George asks PA Lawmakers to Consider Actions Taken by Texas to Delay Deregulation

HARRISBURG – State Rep. Camille “Bud” George, majority chair of the House Environmental Resources and Energy Committee, urged the Pennsylvania Legislature to consider actions taken by Texas to delay deregulation-spawned increases in electric costs.

“Last week, the Texas state Senate voted unanimously to delay deregulating a Texas electric market that would face sharply higher electric bills,” said George, D-74 of Houtzdale. “Most Pennsylvanians soon face rate shock — double-digit increases in their electric bills — and their lawmakers should be looking at how other states are trying to solve the deregulation debacle.”

George said the Texas legislation would delay deregulation in northeast Texas for as long as 10 years and is expected to win quick approval in the Texas House of Representatives.

“We need to put safeguards in place to protect customers from dramatic rate increases that could result from a deregulated market,” Texas Republican Sen. Kevin Eltite, the bill’s author, said when he introduced the bill in January. “Residential rates in our area are on average 45 percent lower than those in neighboring cities that have entered the competitive market.”

George, who is drafting legislation that would extend Pennsylvania’s rate cap protections for an additional two years, said utility shills are fond of pointing to Texas’ deregulation experience, claiming, “The experience of Texas demonstrates how competition can lead to lower prices and greater consumer choice.”

“The claim is patently wrong – in Texas, Pennsylvania and nationwide,” George said.

A March 20 editorial in the Dallas Morning News said, “Ten years after the state deregulated the market, residents are looking for relief.”

In a March 26 copyrighted editorial, The Houston Chronicle wrote, “Today, however, most research not linked to the electric industry confirms what Houstonians know just by opening their mail: for almost the whole period of deregulation, electricity prices have skyrocketed.”

Three days later, another Houston Chronicle copyrighted editorial noted, “But most consumer advocates say deregulation just hasn’t done what was promised. Texas electricity prices were lower than the national average before deregulation. Now we pay above the national average.”

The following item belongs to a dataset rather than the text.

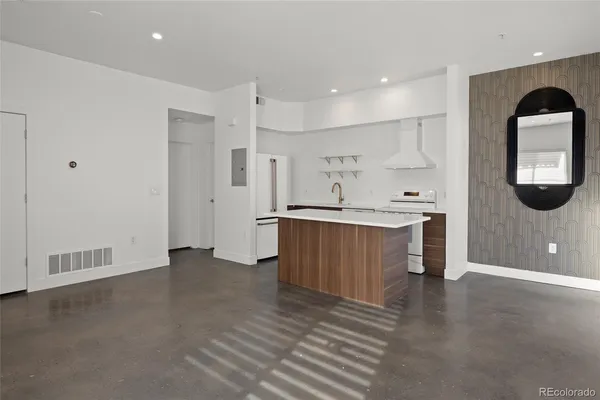 $1,850 | 3149 Blake Street, Unit 101, Denver, CO 80205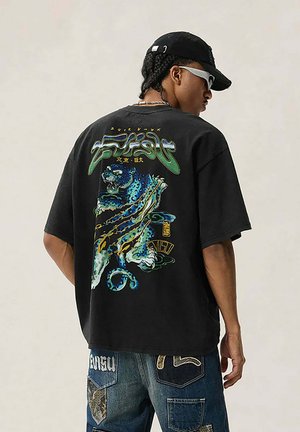 Evisu, T-SHIRT NEON LEOPARD PRINTED - T-shirt con stampa - black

The editorial endorsed a proposal that would enable cities, counties and other entities to negotiate electricity rates on behalf of residents who “are stuck with an electricity system they didn’t ask for – and that has done them little good.”

George said the proposal endorsed by the Houston newspaper is somewhat similar to his proposal to create a Pennsylvania Power Authority to purchase electricity on behalf of Pennsylvania electric-distribution companies such as PPL, whose rate cap ends Jan. 1, and Met-Ed, Penelec and PECO, whose rate caps expire a year later.

“A power authority would protect customers from what a Public Utility Commissioner last summer called a ‘lethal combination of a dysfunctional wholesale market and a retail framework that adds unnecessary costs to already-high wholesale prices,’” George said. “Regulators, industries, consumer advocates and even utilities without generation capacity have described the wholesale power market as broken, consumer unfriendly and fatally flawed.”

George said Illinois established a power authority in 2007, and is predicting lower electric bills for its ratepayers.

“Transparency is good for consumers,” George said. “We need to give consumers confidence in the market process, confidence that is sorely lacking by all except the utilities and their mouthpieces.”

George said he supports efforts like House Bill 20, which would cap electric rate increases to 15 percent and offer the consumers the option to phase-in rate increases.

“However, at some point we have to ask ourselves whether such moves amount to putting new brakes on a vehicle with four bad tires and never worked as promised,” George said. “Other states — Texas, Connecticut, Virginia, Illinois and Maryland – are taking a hard look at deregulation and are considering switching to other models.”